The Internet is full of helpful advice on building your author platform. Create a website. Jump on Social Media. Get out there and do a virtual book tour or cover reveal. Great ideas, but how do you know if they’re working? Or are you just wasting your money?
Baseline is a project management term defined as “a starting point for comparison.” One of the first steps a project manager takes when starting a new effort is determining the “current state” of the “thing” they have been assigned to improve. It could be anything from a software system to a marketing campaign.

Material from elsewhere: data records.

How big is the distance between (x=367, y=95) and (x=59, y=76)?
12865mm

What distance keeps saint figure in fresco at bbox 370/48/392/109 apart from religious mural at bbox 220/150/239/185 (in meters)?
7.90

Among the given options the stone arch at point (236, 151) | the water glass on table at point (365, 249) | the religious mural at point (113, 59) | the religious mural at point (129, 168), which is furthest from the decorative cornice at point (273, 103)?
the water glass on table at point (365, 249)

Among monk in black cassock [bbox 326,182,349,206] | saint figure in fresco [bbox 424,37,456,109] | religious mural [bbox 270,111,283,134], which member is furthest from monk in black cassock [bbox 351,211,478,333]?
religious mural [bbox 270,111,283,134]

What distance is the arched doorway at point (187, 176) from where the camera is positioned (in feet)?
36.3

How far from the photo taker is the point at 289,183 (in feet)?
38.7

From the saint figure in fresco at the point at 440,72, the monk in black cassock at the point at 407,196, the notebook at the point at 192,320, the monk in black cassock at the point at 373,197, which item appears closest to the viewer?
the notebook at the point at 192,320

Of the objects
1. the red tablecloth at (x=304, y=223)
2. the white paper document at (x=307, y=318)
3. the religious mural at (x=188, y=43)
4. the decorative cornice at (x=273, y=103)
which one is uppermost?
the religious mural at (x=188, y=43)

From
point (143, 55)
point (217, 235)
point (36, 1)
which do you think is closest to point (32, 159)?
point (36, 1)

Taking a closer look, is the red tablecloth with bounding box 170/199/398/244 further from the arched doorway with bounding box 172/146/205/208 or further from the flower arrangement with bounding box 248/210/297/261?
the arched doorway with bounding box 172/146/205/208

The next step (after meeting with her team and her clients) is to determine what the “future state” of this “thing” looks like. For example: The project manager is handed an A-frame cabin kit (baseline). It’s pretty boring and too small (current state). Her client wants a wrap around patio and two bedrooms added (future state). Oh yeah. And the client wants it completed in six months (time frame).
Let’s take it from an author’s point of view. You’ve just signed a contract to publish your first book (hooray!), but your publisher told you to beef up your website. Oh boy. You’re not a web developer. What now?
Baseline. Baseline. Baseline.
You’ll definitely put effort into the new design whether you pay someone or DIY. Hopefully, you’ve chosen a web hosting service that offers analytic tools. They’ll tell you how many (unique and returning) visitors have visited your site and how long they’ve stayed. These two data elements are a great place to start.
Example: Current State
Sally Author’s current website gets 10 visitors per week and they stay an average of 12 seconds.
Example: Future State
Sally Author wants her website to get 10,000 visitors per week and they should stay five minutes.
Reality Check: I’m all for dreaming big, but this is Sally’s first book and her last name isn’t Kardashian. It’s more effective to take baby steps with a set (and realistic) time frame.
Better: Sally Author wants her website to get 100 visitors per week and they should stay 30 seconds. She wants to reach this goal within the next three months.
Sally has set her goals with a realistic time frame. Now she can do the research on how to achieve those goals. After the three months are up, Sally can check her results against the baseline to determine what worked and what didn’t.
Last piece of advice: If you can’t baseline something and/or can’t gather data on the effort’s effectiveness, then you are most likely wasting valuable time and money.